→ The problem
From the line containing "So should you" to the very last line of the data below, transcribe everything exactly and nothing more.

→ Data records
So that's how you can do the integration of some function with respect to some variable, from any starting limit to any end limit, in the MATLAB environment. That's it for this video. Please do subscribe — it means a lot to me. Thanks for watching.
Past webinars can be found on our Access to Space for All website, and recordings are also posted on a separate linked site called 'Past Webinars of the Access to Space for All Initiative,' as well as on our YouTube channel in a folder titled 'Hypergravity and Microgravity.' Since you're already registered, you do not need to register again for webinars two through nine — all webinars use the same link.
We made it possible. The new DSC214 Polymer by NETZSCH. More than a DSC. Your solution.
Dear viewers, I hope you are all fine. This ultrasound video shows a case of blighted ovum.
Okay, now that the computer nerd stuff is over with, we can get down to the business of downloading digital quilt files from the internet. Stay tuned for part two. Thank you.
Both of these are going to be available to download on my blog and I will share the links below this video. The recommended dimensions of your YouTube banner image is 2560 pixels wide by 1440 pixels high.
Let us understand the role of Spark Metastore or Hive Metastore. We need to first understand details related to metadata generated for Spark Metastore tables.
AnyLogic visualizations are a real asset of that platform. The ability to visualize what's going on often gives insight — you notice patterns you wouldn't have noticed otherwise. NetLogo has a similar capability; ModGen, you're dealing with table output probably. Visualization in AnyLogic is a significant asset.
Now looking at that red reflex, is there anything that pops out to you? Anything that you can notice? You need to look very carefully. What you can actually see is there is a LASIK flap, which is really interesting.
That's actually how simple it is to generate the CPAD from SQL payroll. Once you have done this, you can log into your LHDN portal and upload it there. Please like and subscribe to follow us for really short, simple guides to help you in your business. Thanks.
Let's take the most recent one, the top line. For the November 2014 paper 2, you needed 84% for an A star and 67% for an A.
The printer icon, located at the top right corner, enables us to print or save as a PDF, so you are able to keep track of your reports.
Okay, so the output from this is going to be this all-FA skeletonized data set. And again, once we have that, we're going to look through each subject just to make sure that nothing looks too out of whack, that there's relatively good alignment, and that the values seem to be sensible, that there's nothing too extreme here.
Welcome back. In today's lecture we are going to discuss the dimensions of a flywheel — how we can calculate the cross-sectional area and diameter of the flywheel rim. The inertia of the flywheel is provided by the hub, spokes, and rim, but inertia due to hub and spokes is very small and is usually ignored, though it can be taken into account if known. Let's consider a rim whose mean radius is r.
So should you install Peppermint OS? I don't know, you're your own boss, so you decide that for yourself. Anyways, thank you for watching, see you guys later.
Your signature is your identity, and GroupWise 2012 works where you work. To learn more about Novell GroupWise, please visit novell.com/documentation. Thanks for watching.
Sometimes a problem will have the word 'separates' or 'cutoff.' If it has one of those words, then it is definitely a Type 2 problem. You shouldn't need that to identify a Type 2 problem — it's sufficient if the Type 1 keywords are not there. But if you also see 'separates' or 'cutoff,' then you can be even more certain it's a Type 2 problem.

→ Solution to this exercise
So should you install Peppermint OS? I don't know, you're your own boss, so you decide that for yourself. Anyways, thank you for watching, see you guys later.
Your signature is your identity, and GroupWise 2012 works where you work. To learn more about Novell GroupWise, please visit novell.com/documentation. Thanks for watching.
Sometimes a problem will have the word 'separates' or 'cutoff.' If it has one of those words, then it is definitely a Type 2 problem. You shouldn't need that to identify a Type 2 problem — it's sufficient if the Type 1 keywords are not there. But if you also see 'separates' or 'cutoff,' then you can be even more certain it's a Type 2 problem.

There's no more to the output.